CFTC Adopts Cybersecurity Requirements for DCOs, SEFs and SDRs
The CFTC voted unanimously to approve two proposals to amend existing regulations that address cybersecurity testing and safeguards for automated systems.
The approved proposals would (i) require that exchanges, clearing organizations, swap execution facilities and swap data repositories conduct tests of cyber protections; (ii) set forth the kinds of tests that must be conducted and the frequency of the testing periods, and determine whether the tests should be conducted by independent parties; and (iii) establish standards for incident response planning and enterprise technology risk assessments. The proposals also include governance requirements; e.g., that a firm's Board of Directors receive and review all reports setting forth the results of all testing. The proposed rules build on the CFTC's core principles - which require regulated entities to focus on system safeguards - by setting standards that are consistent with best practices.
In particular, the proposals include the following requirements:
- Specified Cybersecurity Testing: All derivatives clearing organizations ("DCOs"), designated contract markets, swap execution facilities ("SEFs") and swap data repositories ("SDRs") would be required to conduct the following types of cybersecurity testing: (i) vulnerability testing, (ii) penetration testing, (iii) controls testing, (iv) security incident response plan testing and (v) enterprise technology risk assessments.
- Minimum Testing Frequency: Specified registered entities would be subject to minimum testing frequency requirements for the kinds of cybersecurity testing that are listed above.
- Use of Independent Contractors: Specified registered entities would be required to use independent contractors for certain types of cybersecurity testing.
- Testing Scope: The scope of the testing and assessments that are required by CFTC regulations must be broad enough to include all tests of automated systems and controls that are necessary to identify any vulnerability which, if exploited or accidentally triggered, could enable an intruder or unauthorized user or insider to (i) interfere with the registrant's operations; (ii) impair or degrade the reliability, security or capacity of the registrant's automated systems; or (iii) undertake any other unauthorized action affecting the registrant's regulated activities or the hardware or software used in connection with those activities.
The proposals also augment the required categories of system-safeguards-related risk analysis and oversight by adding enterprise risk management and governance.

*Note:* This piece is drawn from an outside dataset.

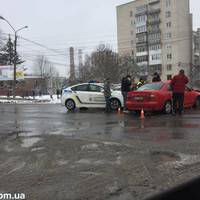 Біля виїзду з заправки ОККО на вулиці 15 квітня трапилася ДТП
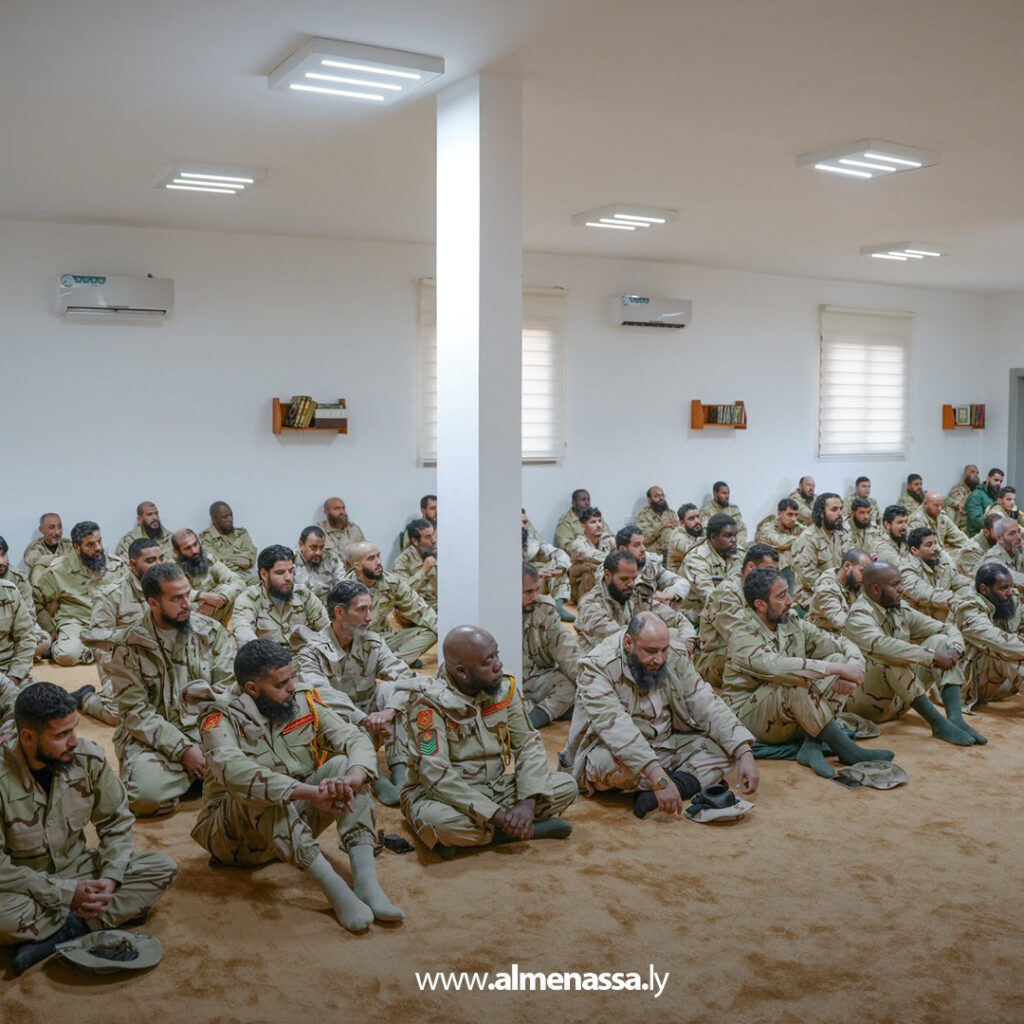 Extra 16.jpg111 16 كتيبة 210 مشاة تُقيم محاضرات توجيهية لتعزيز الانضباط والوعي العسكري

The new category would include the following five areas:
- the assessment, mitigation and monitoring of security and technology risks;
- capital planning and investment with respect to security and technology;
- board of directors and management oversight of system safeguards;
- information technology audit and controls assessments; and
- the remediation of deficiencies.
The CFTC gave advance notice that it is considering whether to apply minimum testing frequency and independent contractor testing requirements to certain SEFs that could be defined as "covered SEFs" in a future proposal.
Commentary
Like the CFTC's recent enactment of Regulation Automated Trading ("Regulation AT"), this proposed rulemaking adds rigorous CFTC requirements that include a "comprehensive testing regime" on top of a private system of safeguards based on industry "best practices" that are driven by practical necessity. This resurrects an obvious question that was posed by Commissioner Bowen: what value is added by the proposed rules? Her response is that they add "a great deal," since they "incentivize all firms under our purview to engage in these effective practices."
Such a view assumes that the significant firms that are subject to this regulation would not take commercially reasonable steps to maintain cybersecurity otherwise. Is there a reason to believe that assumption? A more practical question might be this: do the formal requirements of the cybersecurity rule (i) motivate firms to fortify their cybersecurity practices in reasonable ways with which firms would not have bothered otherwise or (ii) detract from firms' cybersecurity efforts by imposing a rigid structure that drains resources from the real work that must be done? To put the question differently: does the CFTC believe that firms' current cybersecurity efforts are inadequate or that firms are devoting an insufficient amount of care to the area? If the CFTC does not believe that firms' efforts are inadequate, then what is the justification for the rule? If it does believe those efforts to be inadequate, then shouldn't it find less prescriptive means to address those deficiencies than this rulemaking?
Here's what Commissioner Bowen had to say about the efforts of market participants to improve cybersecurity practices:
"I wanted to hear what market participants were doing to address the challenge of our cybersecurity landscape so I met with several of our large registrant dealers and asked them about their cybersecurity efforts. After these discussions, I was both alarmed by the immensity of the problem and heartened by efforts of these larger participants to meet that problem head on. They were employing best practices such as reviewing the practices of their third party providers, using third parties to audit systems, sharing information with other market participants, integrating cybersecurity risk management into their governance structure, and staying in communication with their regulators."
Her comment raises her own question yet again: (i) is this rule necessary to change current conduct (based on Commissioner Bowen's observations, apparently not) or (ii) is it potentially a formalistic distraction from what firms must do as a practical necessity?